Blick Creative was asked to review the Deafblind Australia’s existing brand and website and create new ones. This project was a great fit for us, as we have more than a decade of experience in accessibility and inclusiveness and are becoming increasingly active in the not-for-profit and disability support space. Deafblind Australia had many important new requirements for the new look brand and website, which inspired us to develop several great concepts, which the client is still reviewing.
The experience has inspired me to reflect that it’s not only the end product that needs to meet its audience’s accessibility requirements – it’s the entire process. This is because to be truly, wholly inclusive, the process of design and content creation should involve the audience in every stage, from workshopping and concept development to design, build and review. For us, collaborating with a client means learning from one another, listening, and being open-minded and flexible.
After some discussion, the Blick team we decided that the most accessible way to present our design concepts to Deafblind Australia would be in the form of a website. This is because there are plenty of tools and ways to make websites accessible to all audiences, and to present and explain a diversity of items. Whereas while other mediums such as word documents and pdfs can be accessible, they can also be limited in the diversity of what can be demonstrated and also in user choice of engagement.

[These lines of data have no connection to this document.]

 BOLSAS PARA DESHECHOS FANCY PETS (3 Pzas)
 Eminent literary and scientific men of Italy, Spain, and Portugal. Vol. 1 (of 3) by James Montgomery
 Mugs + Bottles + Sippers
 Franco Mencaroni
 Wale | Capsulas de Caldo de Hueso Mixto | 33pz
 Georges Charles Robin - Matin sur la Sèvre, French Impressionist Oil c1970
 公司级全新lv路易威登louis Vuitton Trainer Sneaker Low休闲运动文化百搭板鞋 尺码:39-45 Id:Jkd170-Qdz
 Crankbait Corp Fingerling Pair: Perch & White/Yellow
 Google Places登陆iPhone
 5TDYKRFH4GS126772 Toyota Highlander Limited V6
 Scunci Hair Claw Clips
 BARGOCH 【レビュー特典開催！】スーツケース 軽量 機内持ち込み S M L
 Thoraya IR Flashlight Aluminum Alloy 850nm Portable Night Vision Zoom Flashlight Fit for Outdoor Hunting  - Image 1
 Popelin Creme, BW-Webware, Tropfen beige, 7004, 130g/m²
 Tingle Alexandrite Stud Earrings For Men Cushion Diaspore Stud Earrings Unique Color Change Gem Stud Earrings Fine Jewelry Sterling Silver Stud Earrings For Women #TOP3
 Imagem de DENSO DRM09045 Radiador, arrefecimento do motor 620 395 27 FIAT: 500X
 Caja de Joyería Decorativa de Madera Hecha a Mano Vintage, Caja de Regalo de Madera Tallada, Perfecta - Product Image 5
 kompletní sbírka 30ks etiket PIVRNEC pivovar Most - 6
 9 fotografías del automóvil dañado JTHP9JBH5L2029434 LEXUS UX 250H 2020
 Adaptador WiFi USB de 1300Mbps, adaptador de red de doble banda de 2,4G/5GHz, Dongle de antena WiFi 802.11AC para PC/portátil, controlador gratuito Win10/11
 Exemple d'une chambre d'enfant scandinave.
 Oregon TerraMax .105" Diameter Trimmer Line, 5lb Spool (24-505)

We uploaded three brand concepts to our website. We ensured it met AAA accessibility standards, wrote full descriptions of each item and included additional features such as text to speech and screen readers, so that the content could be absorbed in the way that best suits the individual.
The client was really impressed. So far, we’ve received fantastic feedback on the designs, and on the ways we presented them remotely. We can’t wait to share more on this project with you as it evolves.